How wrong could I be?
The following Saturday night I got a text from him - begging me for my help. Now, I had a very odd feeling in the pit of my stomach when I got this. I decided not to reply for the time being.
On the Sunday my moby was going 9 to the dozen ringing and ringing. It seems he had got his sister to keep calling to ask me to ring him!
I eventually got Mike my mate to sort it out and find out what was going on and he rang the sister. The friend who he has supposedly known for 20 years had thrown him out (or asked him to leave) for no other reason apparently than he wanted his place back to himself!
He wanted me to help him out by letting him come and stay with me for a while. Sorry, but no way - been there and done that a couple of times before in my life and will not ever entertain that idea again.
Something fishy? I think so. You don't know someone for that long and throw them out in the street for no good reason without giving them time to sort out something else unless they've done something real bad.
So, I was right to suspect he was after something. Mike pretended that I had gone away for a few days so I could get some breathing space.
A few days later I decided to send him a text saying that I was sorry about his situation but there was no way I could help accommodation wise, for one thing it's only a one bedroom place and my teneancy (let alone my sanity!) would not allow it. His friend or even his family should be the ones helping him out. Not me - I have only really met him twice and totally do not know him well enough to help in that way.
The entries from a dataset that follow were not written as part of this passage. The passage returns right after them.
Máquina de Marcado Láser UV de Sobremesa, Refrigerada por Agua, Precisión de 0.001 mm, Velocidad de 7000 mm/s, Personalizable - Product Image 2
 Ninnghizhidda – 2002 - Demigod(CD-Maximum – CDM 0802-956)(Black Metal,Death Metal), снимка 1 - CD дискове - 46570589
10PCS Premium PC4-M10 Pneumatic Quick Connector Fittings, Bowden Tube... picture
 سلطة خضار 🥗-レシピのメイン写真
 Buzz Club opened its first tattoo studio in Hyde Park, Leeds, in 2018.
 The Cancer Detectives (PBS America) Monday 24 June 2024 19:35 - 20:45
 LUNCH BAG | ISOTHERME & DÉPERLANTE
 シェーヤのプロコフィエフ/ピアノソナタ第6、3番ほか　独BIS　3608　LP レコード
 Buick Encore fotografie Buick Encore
Plus I don't trust him alone here in my flat (which I didn't add to the text!)
I did it by text so as I wouldn't be interrupted or talked out of it (by persuasion - subtle or otherwise) I felt bad, I have to say, as I would never see anyone suffer - but I knew I'd done the right thing.
The next day I got the phonecall I was half expecting, trying the soft sympathy tack to wear me down, about how he's had to sleep on the streets and homeless places had no openings in their shelters etc etc. "It'll only be for one night, just somewhere to have a wash and go to work from. I'll even sleep on the couch!" "please, PLEASE!"
I held firm - much as it was killing me - I was in tears, but kept saying no, I can't, I can't, I can't. He eventually gave up trying and said he'd call me again in a few days.
Obviously he had realised that he couldn't wear me down.
I have not heard from him since.
Which I am pleased about. Even though it goes against my nature - I couldn't go through the sort of trouble that comes with people with mega problems.